**Recorded information:**
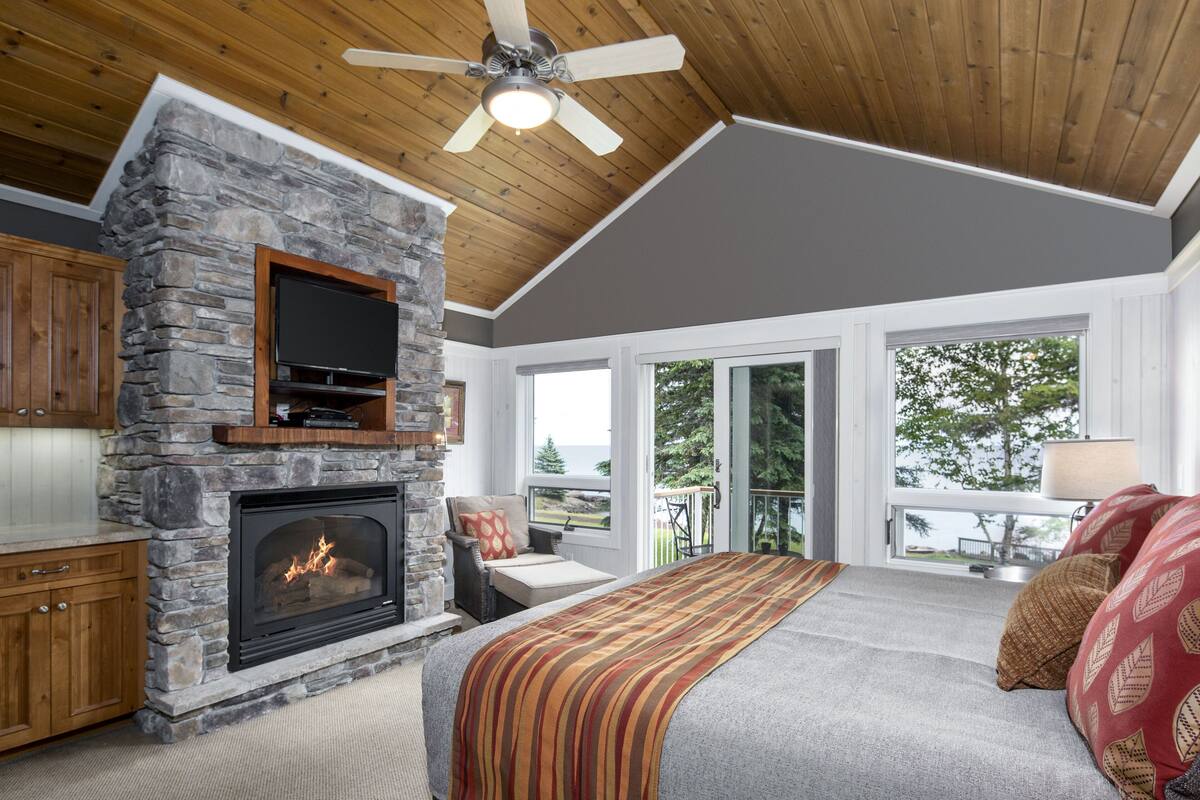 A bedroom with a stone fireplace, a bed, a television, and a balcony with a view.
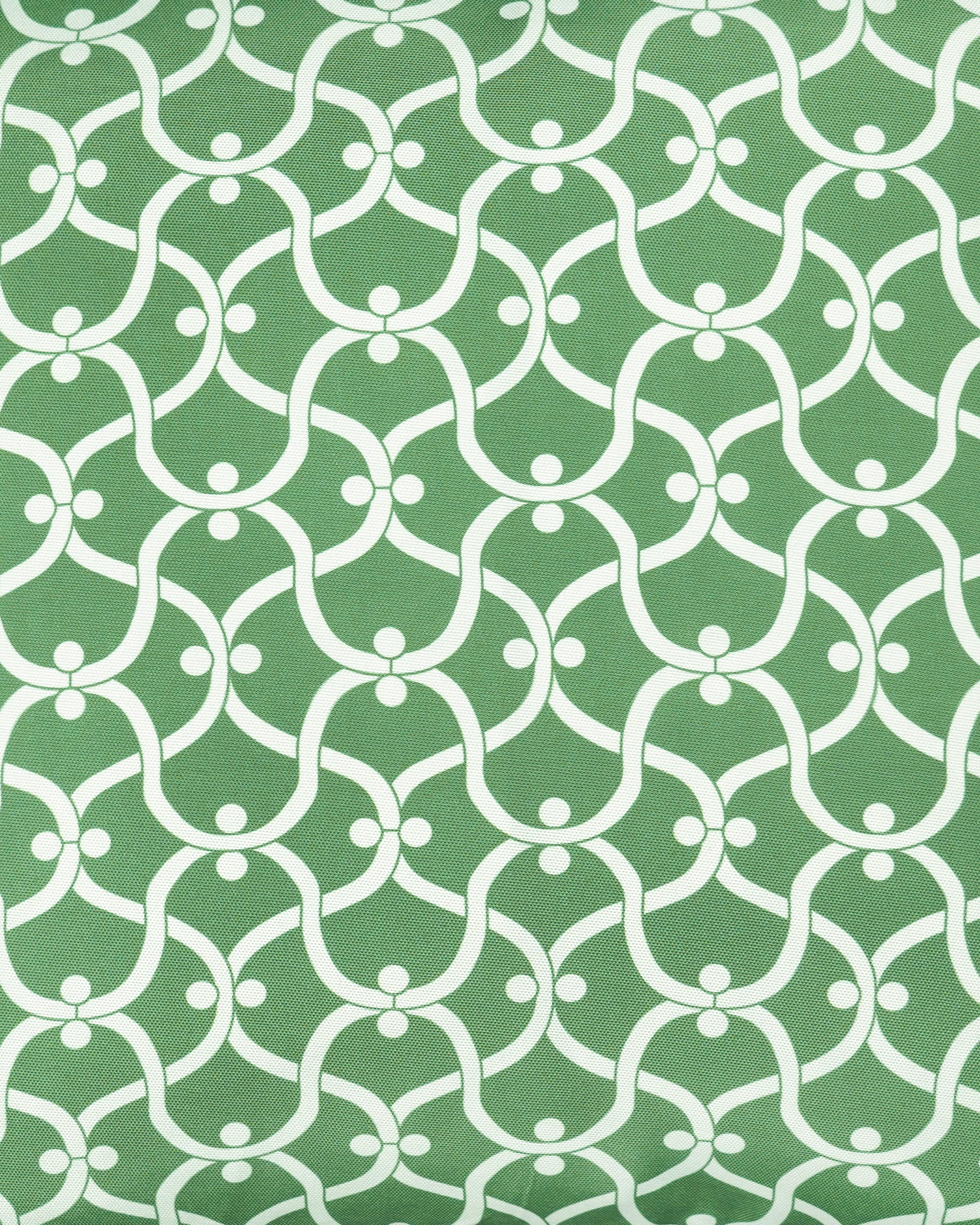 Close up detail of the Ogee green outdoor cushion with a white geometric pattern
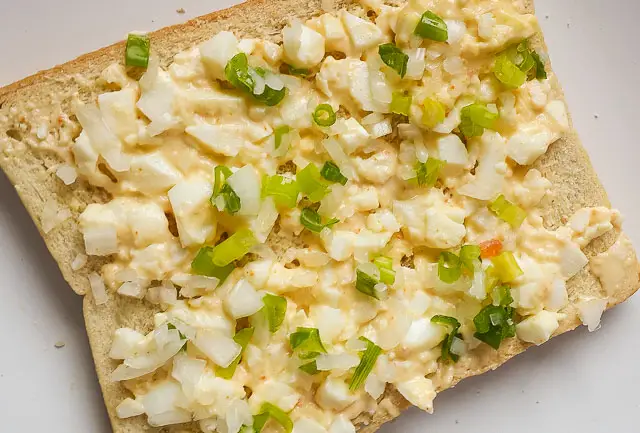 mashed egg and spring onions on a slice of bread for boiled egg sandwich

**Try it:** Each line of the material above should be set down exactly, with no pictures.

**Exercise response:**
 A bedroom with a stone fireplace, a bed, a television, and a balcony with a view.
 Close up detail of the Ogee green outdoor cushion with a white geometric pattern
 mashed egg and spring onions on a slice of bread for boiled egg sandwich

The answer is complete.